# Master Build Gravity Series 1050 & Fireboard As Control



## RudyProj

Has anybody replaced their MB control unit with a Fireboard, by doing what is shown in the following video?  If so, I'd be curious to know how it's going.

Also, does the MB use electricity for anything beyond powering the control panel?  Is it feasible to run the MB w/ the Fireboard control, and powered by Fireboard's 10000 Mah Battery pack and run it off the electricity grid?


----------



## rexster314

Works great, and to answer your questions: yes and yes


----------



## JC in GB

Just select a battery with enough capacity to run your fan for the length of your cook.

A 10 Amp hour battery like the one in your post would likely run your pit overnight.

JC


----------



## jdmb560

I have that exact set up currently here is my thoughts.

Using the fireboard 2 with the drive cable has allowed me to accurately watch my temps from anywhere I have cell service.  I can adjust the temperature of the smoker from 100 miles away if needed. The graphing feature and being able to download the data into excel for logging purposes is really neat! All of the probes that come with the unit are really nice and quality items that I can see lasting a long time.

Now the "issue" I have found - The ambiant probe that comes with the fireboard 2 is only rated to 572F. Now I do see they sell a higher rating probe if you plan to use the MB for temps higher that 572F.  They also say running off the battery in the Fireboard itself will run for 12-16 hours depending on fan speed, I have yet to try this out yet. They also say the battery will not run the fan at 100% speed but it will hit 100% if you are hooked up to AC power.

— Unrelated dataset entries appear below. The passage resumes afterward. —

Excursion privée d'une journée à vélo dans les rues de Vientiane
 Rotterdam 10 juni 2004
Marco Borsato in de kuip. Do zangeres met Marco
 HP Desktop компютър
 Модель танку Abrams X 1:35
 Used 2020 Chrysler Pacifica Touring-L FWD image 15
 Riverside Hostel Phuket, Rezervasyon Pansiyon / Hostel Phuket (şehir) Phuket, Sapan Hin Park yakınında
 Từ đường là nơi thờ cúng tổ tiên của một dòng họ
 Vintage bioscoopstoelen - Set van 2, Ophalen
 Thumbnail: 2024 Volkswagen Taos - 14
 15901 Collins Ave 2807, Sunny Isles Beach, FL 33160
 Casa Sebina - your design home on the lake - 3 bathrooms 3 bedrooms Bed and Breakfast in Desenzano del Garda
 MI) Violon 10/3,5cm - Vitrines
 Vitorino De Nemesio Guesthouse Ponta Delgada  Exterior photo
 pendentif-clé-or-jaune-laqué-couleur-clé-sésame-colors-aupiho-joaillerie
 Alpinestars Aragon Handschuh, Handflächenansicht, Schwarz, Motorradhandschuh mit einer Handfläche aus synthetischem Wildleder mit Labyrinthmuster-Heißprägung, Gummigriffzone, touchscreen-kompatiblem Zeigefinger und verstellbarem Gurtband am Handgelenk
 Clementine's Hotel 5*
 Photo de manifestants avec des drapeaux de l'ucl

Overall I am very impressed with the quality of the unit and the accuracy of the probes.  If you plan on always being home for your cooks or if you do not have a need to remotely adjust the temp I might lean towards buying a decent and cheaper wifi thermometer such as the Inkbird WIFI.


----------



## RudyProj

Thanks to all for the feedback.  Much appreciated!


----------



## rexster314

jdmb560 said:


> I have that exact set up currently here is my thoughts.
> 
> Using the fireboard 2 with the drive cable has allowed me to accurately watch my temps from anywhere I have cell service.  I can adjust the temperature of the smoker from 100 miles away if needed. The graphing feature and being able to download the data into excel for logging purposes is really neat! All of the probes that come with the unit are really nice and quality items that I can see lasting a long time.
> 
> Now the "issue" I have found - The ambiant probe that comes with the fireboard 2 is only rated to 572F. Now I do see they sell a higher rating probe if you plan to use the MB for temps higher that 572F.  They also say running off the battery in the Fireboard itself will run for 12-16 hours depending on fan speed, I have yet to try this out yet. They also say the battery will not run the fan at 100% speed but it will hit 100% if you are hooked up to AC power.
> 
> Overall I am very impressed with the quality of the unit and the accuracy of the probes.  If you plan on always being home for your cooks or if you do not have a need to remotely adjust the temp I might lean towards buying a decent and cheaper wifi thermometer such as the Inkbird WIFI.


If you haven't already, get one of the RTD ambient probes good up to 700 Deg. And if you plan on doing any other high temp grilling, get an RTD meat probe or two. You will have to change the probe profiles if you do this. And correct, if running on the internal FB battery, the fan will only run 50% speed.


----------